Collected material:
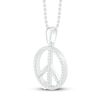 Diamond Peace Necklace 1/5 ct tw Round-cut Sterling Silver 18"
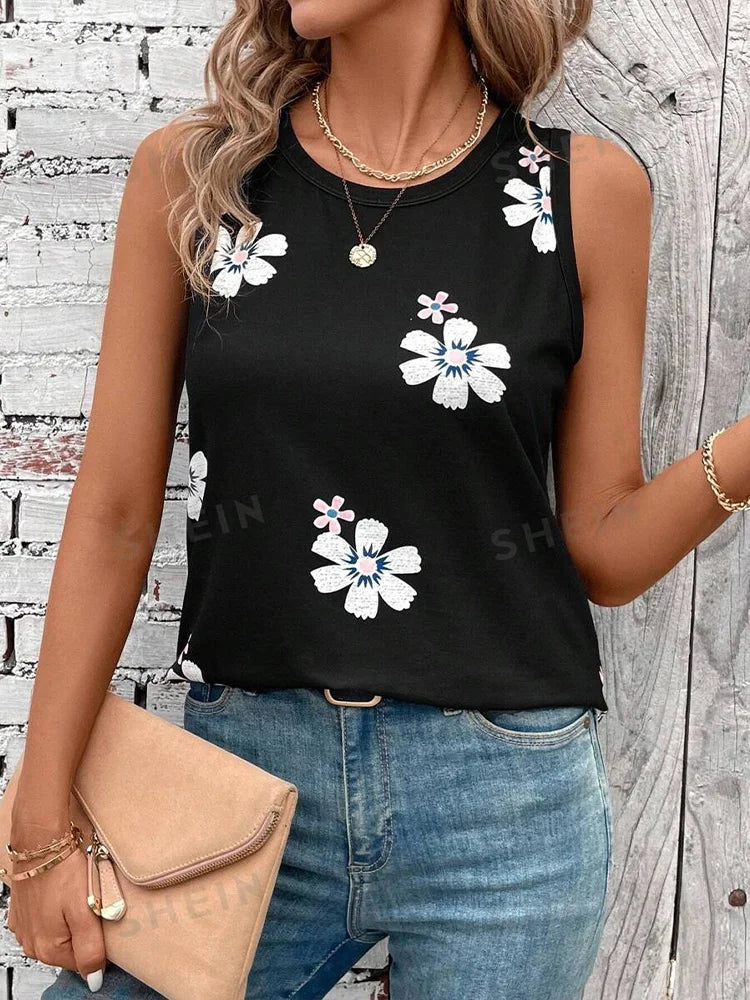 Women's O-neck Vest Print Tank Tops™  Sleeveless Loose Comfortable Top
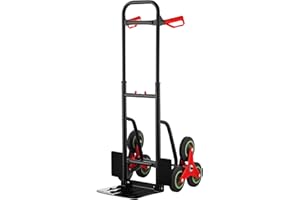 TEENO Carrello portapacchi per scale,Carrello pieghevole,Carrelli con Ruote Portatutto,Capacità di carico 150 kg,Metallo,Altezza regolabile 80 112 cm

Exercise directions:
The copy must match the listing above exactly, except that it holds no pictures.

Your response:
 Diamond Peace Necklace 1/5 ct tw Round-cut Sterling Silver 18"
 Women's O-neck Vest Print Tank Tops™  Sleeveless Loose Comfortable Top
 TEENO Carrello portapacchi per scale,Carrello pieghevole,Carrelli con Ruote Portatutto,Capacità di carico 150 kg,Metallo,Altezza regolabile 80 112 cm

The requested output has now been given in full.